═════ PROVIDED MATERIAL ═════
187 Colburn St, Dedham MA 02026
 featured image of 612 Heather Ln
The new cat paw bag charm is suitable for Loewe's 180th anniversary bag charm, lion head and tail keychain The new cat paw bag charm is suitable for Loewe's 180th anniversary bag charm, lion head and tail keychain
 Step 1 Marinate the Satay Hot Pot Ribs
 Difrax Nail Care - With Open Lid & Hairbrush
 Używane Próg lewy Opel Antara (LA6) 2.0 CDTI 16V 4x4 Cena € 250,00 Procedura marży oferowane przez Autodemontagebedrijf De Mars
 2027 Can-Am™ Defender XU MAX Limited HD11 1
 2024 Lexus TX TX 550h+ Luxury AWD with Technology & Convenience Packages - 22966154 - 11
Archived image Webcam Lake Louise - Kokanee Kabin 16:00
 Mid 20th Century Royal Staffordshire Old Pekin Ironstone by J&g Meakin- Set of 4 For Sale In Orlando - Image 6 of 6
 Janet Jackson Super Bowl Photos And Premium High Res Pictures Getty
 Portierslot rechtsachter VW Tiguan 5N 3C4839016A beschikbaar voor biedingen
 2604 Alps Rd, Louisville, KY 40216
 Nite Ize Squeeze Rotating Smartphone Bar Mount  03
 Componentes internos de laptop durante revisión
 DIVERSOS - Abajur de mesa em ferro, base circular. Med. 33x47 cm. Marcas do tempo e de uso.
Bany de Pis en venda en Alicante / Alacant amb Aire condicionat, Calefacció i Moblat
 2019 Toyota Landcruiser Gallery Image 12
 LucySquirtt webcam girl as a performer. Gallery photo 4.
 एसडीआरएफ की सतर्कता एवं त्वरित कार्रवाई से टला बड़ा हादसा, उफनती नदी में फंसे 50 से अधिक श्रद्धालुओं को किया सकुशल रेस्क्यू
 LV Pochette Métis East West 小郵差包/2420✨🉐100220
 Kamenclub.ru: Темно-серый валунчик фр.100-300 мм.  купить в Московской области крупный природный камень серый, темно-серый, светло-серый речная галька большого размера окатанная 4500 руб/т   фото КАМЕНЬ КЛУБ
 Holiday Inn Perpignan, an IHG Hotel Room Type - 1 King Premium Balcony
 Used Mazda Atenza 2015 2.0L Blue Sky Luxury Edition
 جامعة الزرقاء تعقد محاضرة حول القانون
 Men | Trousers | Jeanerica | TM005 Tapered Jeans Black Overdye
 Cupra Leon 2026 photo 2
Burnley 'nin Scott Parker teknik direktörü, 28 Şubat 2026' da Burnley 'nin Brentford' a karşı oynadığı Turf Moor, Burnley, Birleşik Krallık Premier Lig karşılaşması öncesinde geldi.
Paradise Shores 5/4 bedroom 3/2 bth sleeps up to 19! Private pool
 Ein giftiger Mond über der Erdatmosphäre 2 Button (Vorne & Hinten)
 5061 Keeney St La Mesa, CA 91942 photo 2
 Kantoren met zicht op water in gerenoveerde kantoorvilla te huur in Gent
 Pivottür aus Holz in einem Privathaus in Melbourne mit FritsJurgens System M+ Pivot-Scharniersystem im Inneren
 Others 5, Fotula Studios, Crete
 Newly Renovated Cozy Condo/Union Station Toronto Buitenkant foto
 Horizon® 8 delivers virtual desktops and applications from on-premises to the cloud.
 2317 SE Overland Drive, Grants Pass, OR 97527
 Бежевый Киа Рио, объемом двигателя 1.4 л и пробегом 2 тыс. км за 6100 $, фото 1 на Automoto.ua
═════
ASSIGNED TASK ▸
Print exactly the lines from the beginning of the entries through the line with "LV Pochette Métis". Output nothing more.

ANSWER TO THE PROBLEM ▸
187 Colburn St, Dedham MA 02026
 featured image of 612 Heather Ln
The new cat paw bag charm is suitable for Loewe's 180th anniversary bag charm, lion head and tail keychain The new cat paw bag charm is suitable for Loewe's 180th anniversary bag charm, lion head and tail keychain
 Step 1 Marinate the Satay Hot Pot Ribs
 Difrax Nail Care - With Open Lid & Hairbrush
 Używane Próg lewy Opel Antara (LA6) 2.0 CDTI 16V 4x4 Cena € 250,00 Procedura marży oferowane przez Autodemontagebedrijf De Mars
 2027 Can-Am™ Defender XU MAX Limited HD11 1
 2024 Lexus TX TX 550h+ Luxury AWD with Technology & Convenience Packages - 22966154 - 11
Archived image Webcam Lake Louise - Kokanee Kabin 16:00
 Mid 20th Century Royal Staffordshire Old Pekin Ironstone by J&g Meakin- Set of 4 For Sale In Orlando - Image 6 of 6
 Janet Jackson Super Bowl Photos And Premium High Res Pictures Getty
 Portierslot rechtsachter VW Tiguan 5N 3C4839016A beschikbaar voor biedingen
 2604 Alps Rd, Louisville, KY 40216
 Nite Ize Squeeze Rotating Smartphone Bar Mount  03
 Componentes internos de laptop durante revisión
 DIVERSOS - Abajur de mesa em ferro, base circular. Med. 33x47 cm. Marcas do tempo e de uso.
Bany de Pis en venda en Alicante / Alacant amb Aire condicionat, Calefacció i Moblat
 2019 Toyota Landcruiser Gallery Image 12
 LucySquirtt webcam girl as a performer. Gallery photo 4.
 एसडीआरएफ की सतर्कता एवं त्वरित कार्रवाई से टला बड़ा हादसा, उफनती नदी में फंसे 50 से अधिक श्रद्धालुओं को किया सकुशल रेस्क्यू
 LV Pochette Métis East West 小郵差包/2420✨🉐100220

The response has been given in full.